To configure claims:
  1. Create or edit an Oauth relying party with Authorization grant types set to Authorization code.
  2. Under Claims, click Add Claim.
  3. Configure the claim:
    Scope

    Select the claim scope.

    In FortiAuthenticator 6.4.3, only the OpenID Connect (openid) claim type is supported.

    Name Enter the claim name.
    User attribute

    Select the user attribute from the following list:

    • Username
    • First name
    • Last name
    • Email
    • Group
  4. Click OK to save the relying party or click Add Claim to create another claim before saving your changes.

Relying Party

OAuth relying parties (RP), otherwise known as clients, can be managed from Authentication > OAuth Service > Relying Party. They correspond to the OAuth clients that have been issued credentials for requesting OAuth tokens from the FortiAuthenticator.

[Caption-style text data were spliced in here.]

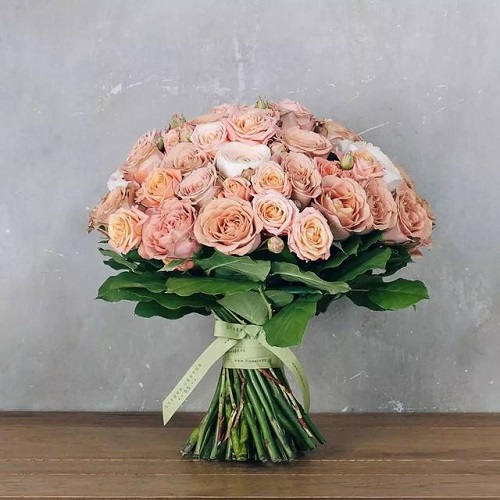 簡(jiǎn)單又好看——八大花藝配色法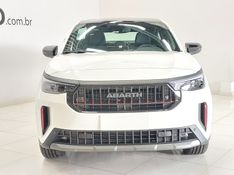 Fiat FASTBACK 1.3 TURBO 270 FLEX ABARTH AT6 2025/2026 BETIOLO NOVOS E SEMINOVOS LAJEADO / Carros no Vale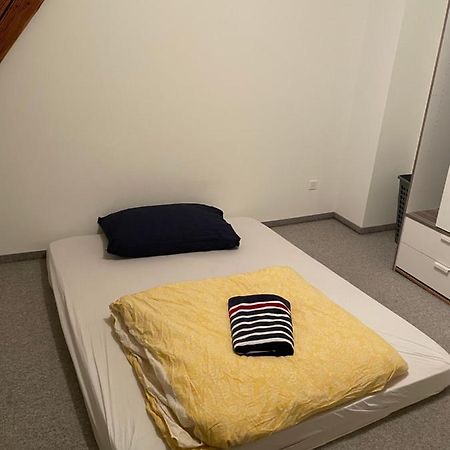 Central Room With Amazing View St. Gallen Ngoại thất bức ảnh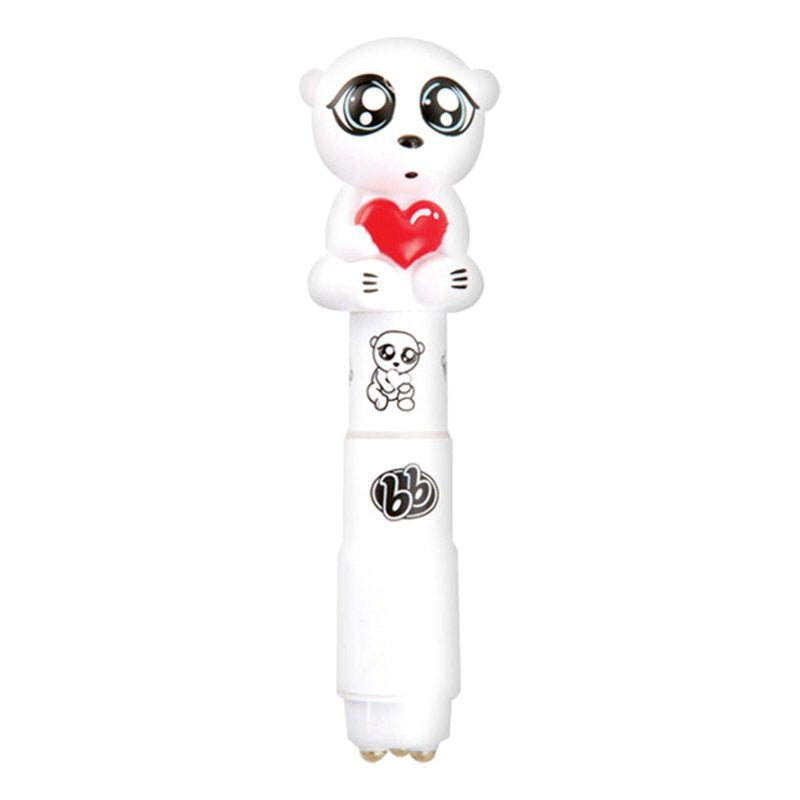 Bzzz Buddies Shivers Personal Massagers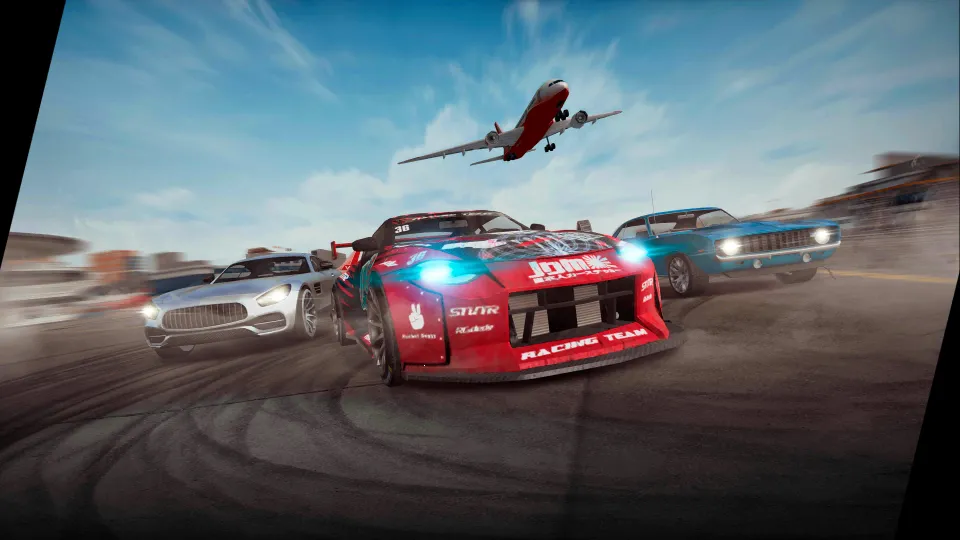 ����������ʻģ����(����������Ϸ)v7.3.1 �ٷ������ͼ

OpenID Connect (OIDC) authentication can be enabled for the relying party by configuring an authorization code, policy, redirect URI, and claim(s).

The OAuth service has a per-configured FortiOS Fabric OAuth application used for Fortinet Security Fabric integration. The FortiOS Fabric application settings should not be changed.

To configure an OAuth application:
  1. From the OAuth application list, select Create New to add a new OAuth application.
  2. The Create New Application window opens.

  3. Enter the following information:
    Name Enter a name for the client.
    Client type

    Select the client type for the client:

    • Confidential: The relying party must provide a valid client ID, user credentials, and the client secret to obtain an OAuth token.
    • Public: The relying party must provide a valid client ID and user credential to obtain an OAuth token. Clients are not required to provide a client secret in requests to the OAuth application.

    Authorization grant types

    Select the authorization grant type:

    • Resource owner password-based: Authentication and authorization is API-based.
    • Authorization code: Authentication and authorization is initiated by the relying party, but the end-user provides their credentials through their browser on the FortiAuthenticator login portal. Selecting this setting allows for the configuration of OpenID Connect claims. This option is only available when the Client type is Confidential.
    Client ID

    Enter a client ID. A generated value is provided by default.

    Client secret

    Enter a client secret. A generated value is provided by default. You can configure the length of the automatically generated value under Authentication > OAuth Service > General.

    This field is only available when the Client type is Confidential.

    Access token expiry Enter a length of time for which OAuth access tokens issued by this application are valid. The default is set to 36000 seconds (10 hours). Access tokens will not expire if the value is set to 0.

    Policy

    Select a policy. OAuth policies are configured in Authentication > OAuth Service > Policies. See Policies.

    This field is only available when the Authorization grant type is Authorization code.

    Redirect URIs

    Enter the allowed uniform resource identifier (URI) that the OAuth service is authorized to redirect end-users to after authentication. Multiple entries can be separated by spaces. Redirecting to https URLs is strongly recommended.

    Claims

    Add claims for the relying party. See Claims.

    This field is only available when the Authorization grant type is Authorization code.

  4. Select OK to create the new OAuth application.

 

Claims

You can configure relying parties to return claims about the authenticated end-user. Claims can be configured for relying parties using OIDC where the Authorization grant type is Authorization code.

To configure claims:
  1. Create or edit an Oauth relying party with Authorization grant types set to Authorization code.
  2. Under Claims, click Add Claim.
  3. Configure the claim:
    Scope

    Select the claim scope.

    In FortiAuthenticator 6.4.3, only the OpenID Connect (openid) claim type is supported.

    Name Enter the claim name.
    User attribute

    Select the user attribute from the following list:

    • Username
    • First name
    • Last name
    • Email
    • Group
  4. Click OK to save the relying party or click Add Claim to create another claim before saving your changes.